[Problem to work on]: Reproduce, without alteration, every line of the data; exclude the images.

Recorded data:

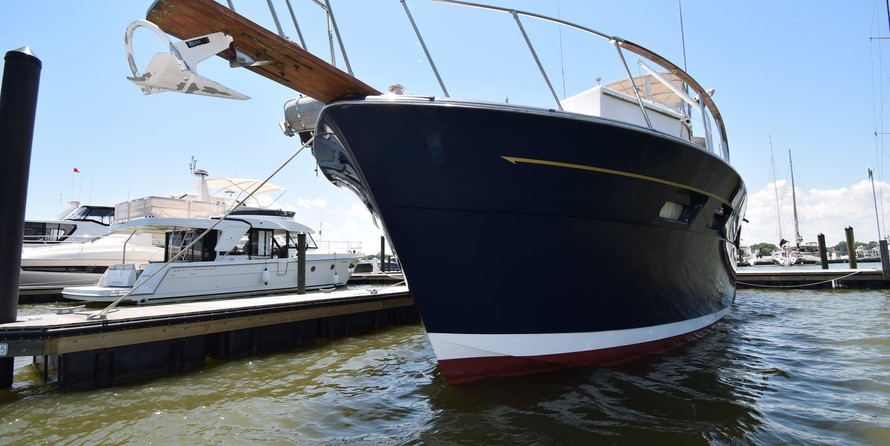 Chris-Craft Commander 44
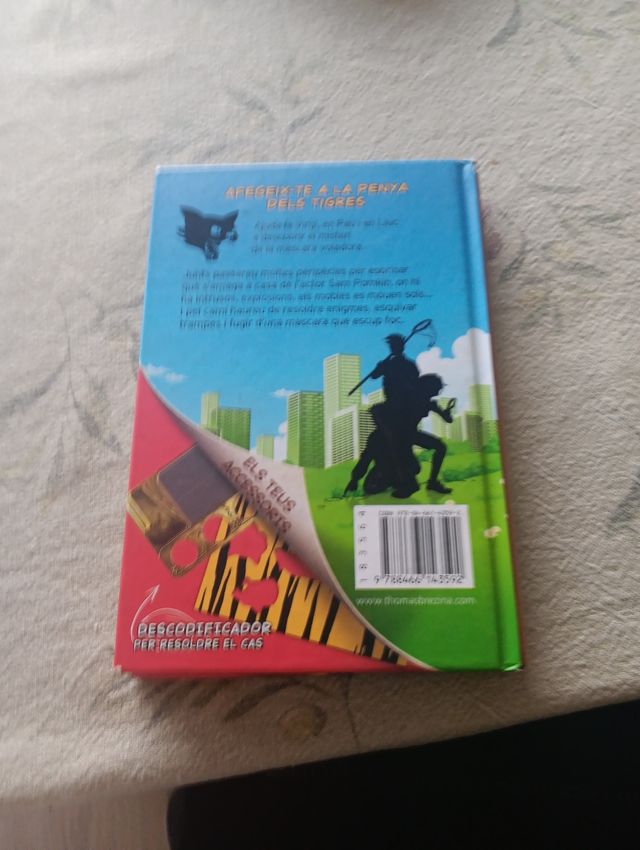 La màscara que escopia foc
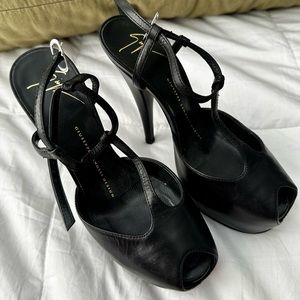 Authenticated Giuseppe Zanotti Design | Vero Cuoio 37 Black Heels US 7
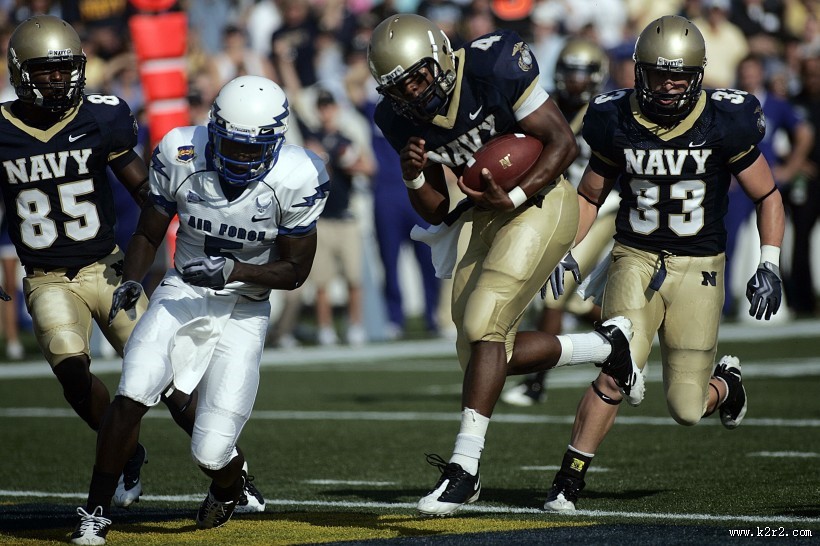 激烈的橄榄球比赛图片大全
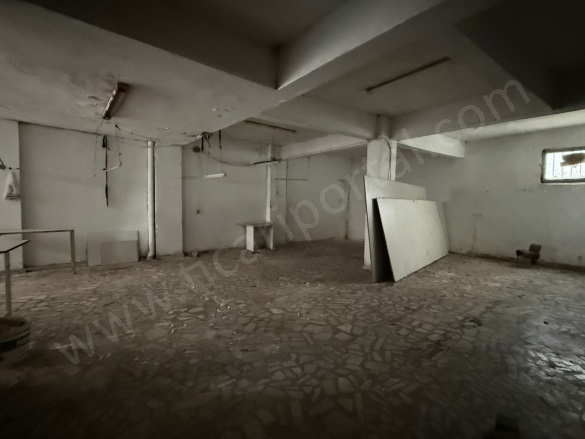 15 Temmuz Mah. Bağcılar Kiralık Atölye |  1 Oda | 150M2 Aylık 19.500Tl | Yarı Bordum Resim-3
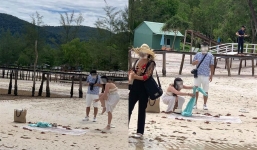 Bắt sao biển vô tội vạ để thỏa mãn 'sống ảo', cặp đôi trẻ gây phẫn nộ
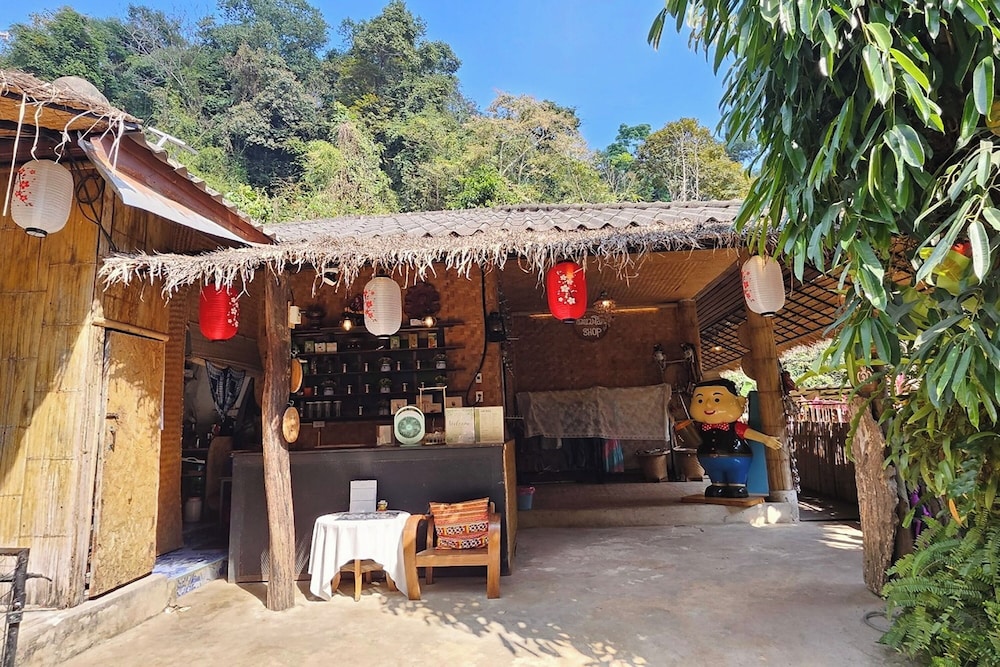 Mae Mae Home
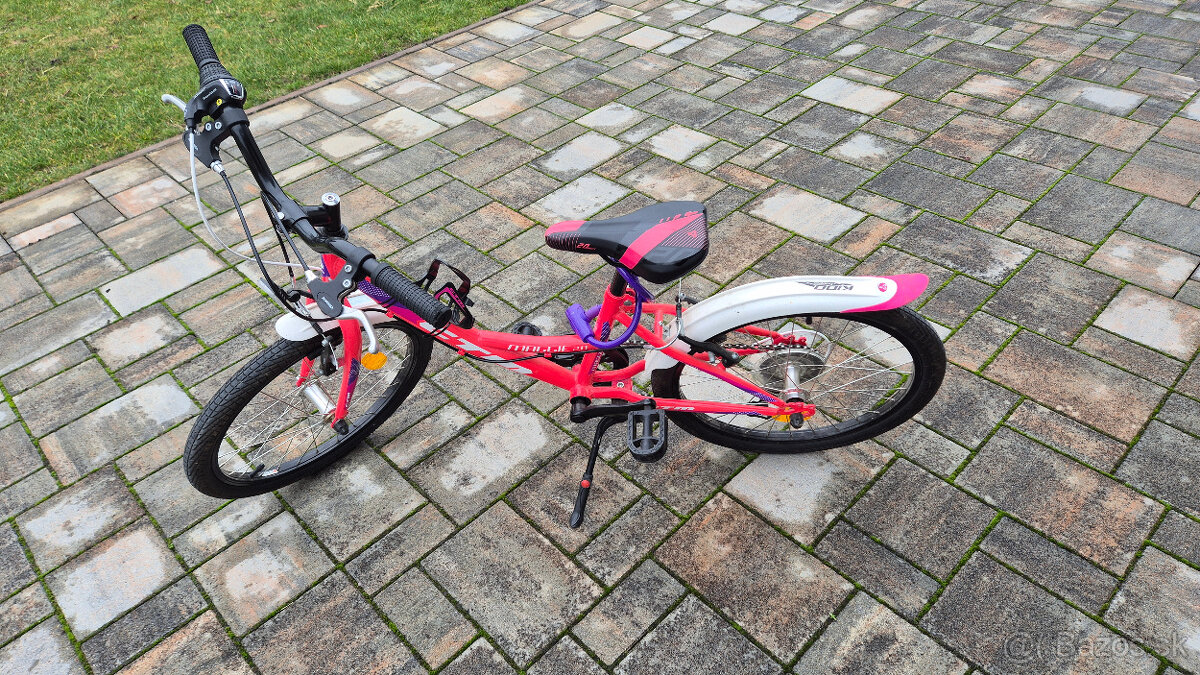 Predám dievčenský detský bicykel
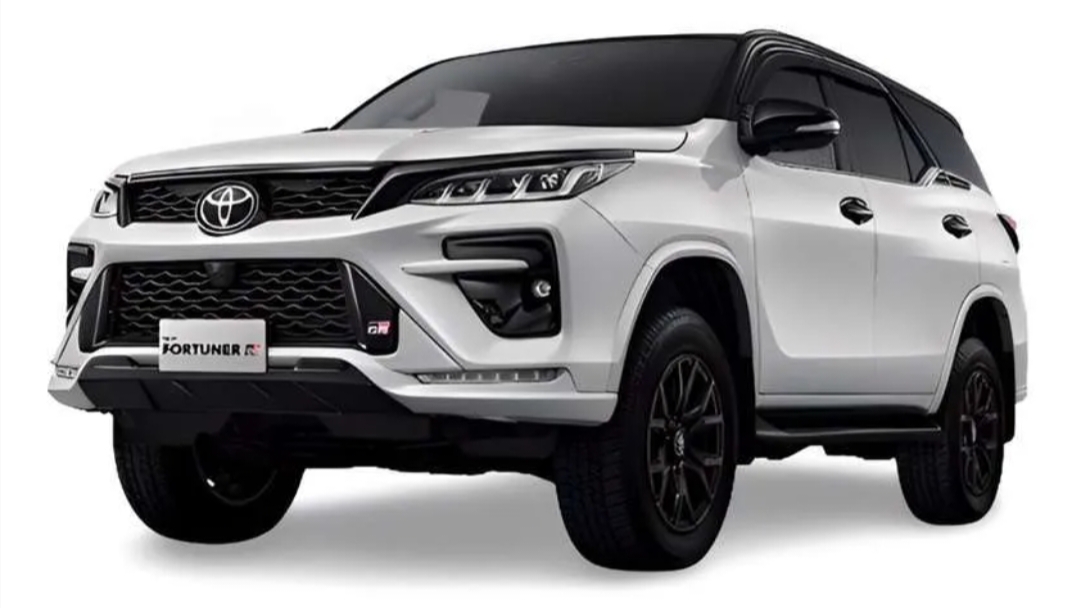 Toyota New Fortuner 2.8 VRZ 4x4 GR Sport, SUV Handal dan Populer di Pasar Otomotif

[Output for this task]:
 Chris-Craft Commander 44
 La màscara que escopia foc
 Authenticated Giuseppe Zanotti Design | Vero Cuoio 37 Black Heels US 7
 激烈的橄榄球比赛图片大全
 15 Temmuz Mah. Bağcılar Kiralık Atölye |  1 Oda | 150M2 Aylık 19.500Tl | Yarı Bordum Resim-3
 Bắt sao biển vô tội vạ để thỏa mãn 'sống ảo', cặp đôi trẻ gây phẫn nộ
 Mae Mae Home
 Predám dievčenský detský bicykel
 Toyota New Fortuner 2.8 VRZ 4x4 GR Sport, SUV Handal dan Populer di Pasar Otomotif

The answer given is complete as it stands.